Anyway, in that way, influential and powerful people promoted the development of Cheongra-eup simply because Grandmother lived here.
In his young heart, Kwon Yihyeon thought it would be better if they just gave Grandmother more money, but after hearing Grandmother’s words, he would quietly nod his head.
“A person, you see. In the end, one must live by touching the soil and treading on the ground. If your feet are separated from the ground, a person cannot remain a person… Therefore, you must be grateful for everything. It is a thing to be grateful for that Cheongra can still sprout a pure energy, and it is a thing to be grateful for that it allowed us to settle and take root.”
These were difficult words for the Kwon Yihyeon of that time to understand. Still, because Kwon Yihyeon liked Grandmother, he chewed and swallowed the words to familiarize his lips with them. He hoped that one day, the day would come when he could understand.
Not many days after that, a city bus stop, which previously required a two-hour walk to reach, appeared right in front of the village. Subway station construction began, pavilions and flower beds increased, and something like a community center or a welfare center was built.
Because of that, some villagers regarded Grandmother as a place to lean on when times were tough, while others mocked her as a cult leader who swindled politicians. The older villagers, perhaps because something had happened, did not even try to hide their sense of awe and avoidance toward the Mansin and prevented their children from associating with Kwon Yihyeon. So, the young Kwon Yihyeon was always treated as an invisible person. He lived his whole life being treated like a ghost or a contagious disease.
It was because he was raised by a mudang grandmother without parents.
He does not resent Grandmother. He loves her. However, he felt that this was reason enough for not wanting to carve his footprints back into this land.
“I heard he was living well in Seoul. Why did he come back.”
“Did he come to receive a spirit initiation?”
“I guess that child can’t deceive his blood in the end either…”
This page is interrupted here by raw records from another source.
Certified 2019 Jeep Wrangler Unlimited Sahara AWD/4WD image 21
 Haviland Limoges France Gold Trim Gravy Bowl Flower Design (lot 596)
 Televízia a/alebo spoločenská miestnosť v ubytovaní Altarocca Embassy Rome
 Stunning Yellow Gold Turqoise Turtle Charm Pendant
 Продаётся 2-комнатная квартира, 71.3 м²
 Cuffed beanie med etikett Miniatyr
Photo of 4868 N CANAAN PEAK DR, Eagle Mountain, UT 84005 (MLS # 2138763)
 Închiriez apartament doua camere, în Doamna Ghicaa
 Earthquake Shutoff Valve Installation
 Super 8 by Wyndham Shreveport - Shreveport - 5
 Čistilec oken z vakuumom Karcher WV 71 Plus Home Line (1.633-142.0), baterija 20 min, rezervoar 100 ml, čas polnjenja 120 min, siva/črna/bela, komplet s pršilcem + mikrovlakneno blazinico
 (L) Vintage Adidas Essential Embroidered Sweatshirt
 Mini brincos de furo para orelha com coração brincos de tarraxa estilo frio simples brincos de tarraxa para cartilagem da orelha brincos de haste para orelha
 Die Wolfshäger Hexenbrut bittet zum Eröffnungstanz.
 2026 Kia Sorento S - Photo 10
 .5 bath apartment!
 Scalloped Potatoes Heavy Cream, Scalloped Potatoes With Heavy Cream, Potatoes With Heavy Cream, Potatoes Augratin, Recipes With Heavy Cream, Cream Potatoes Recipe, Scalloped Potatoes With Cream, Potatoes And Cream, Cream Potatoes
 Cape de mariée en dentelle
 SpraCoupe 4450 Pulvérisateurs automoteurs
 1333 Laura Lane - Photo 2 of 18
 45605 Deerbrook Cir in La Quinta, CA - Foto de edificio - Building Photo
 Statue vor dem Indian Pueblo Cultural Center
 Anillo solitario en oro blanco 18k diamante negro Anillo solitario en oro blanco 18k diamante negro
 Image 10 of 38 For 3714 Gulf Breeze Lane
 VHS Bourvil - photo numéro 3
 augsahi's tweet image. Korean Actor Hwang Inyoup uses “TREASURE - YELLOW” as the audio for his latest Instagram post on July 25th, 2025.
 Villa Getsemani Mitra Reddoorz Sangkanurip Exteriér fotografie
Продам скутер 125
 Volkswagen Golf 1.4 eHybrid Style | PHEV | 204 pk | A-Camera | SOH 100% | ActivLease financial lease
Even now, long after Kwon Yihyeon had become independent in Seoul using a university in the capital area as an excuse, the atmosphere of Cheongra-eup had not changed. The villagers, who recognized that the man with the urban and sophisticated aura was ‘that child,’ all whispered foul words. He noticed the woman who ran the supermarket in front of the elementary school Kwon Yihyeon used to attend, clinging to her mother’s arm and chattering about something while covering her mouth. The person next to her, and the person next to her, were all acquaintances. With every step, the gazes of acquaintances followed, and the backbiting of acquaintances followed. This was why he never wanted to return. To be honest, the feeling of walking back into his hometown—a place he said he would never return to until he lay down in his grave—was like crap.
However, from a certain point, Kwon Yihyeon naturally began to have nightmares.
He needed a superstition to end that dream.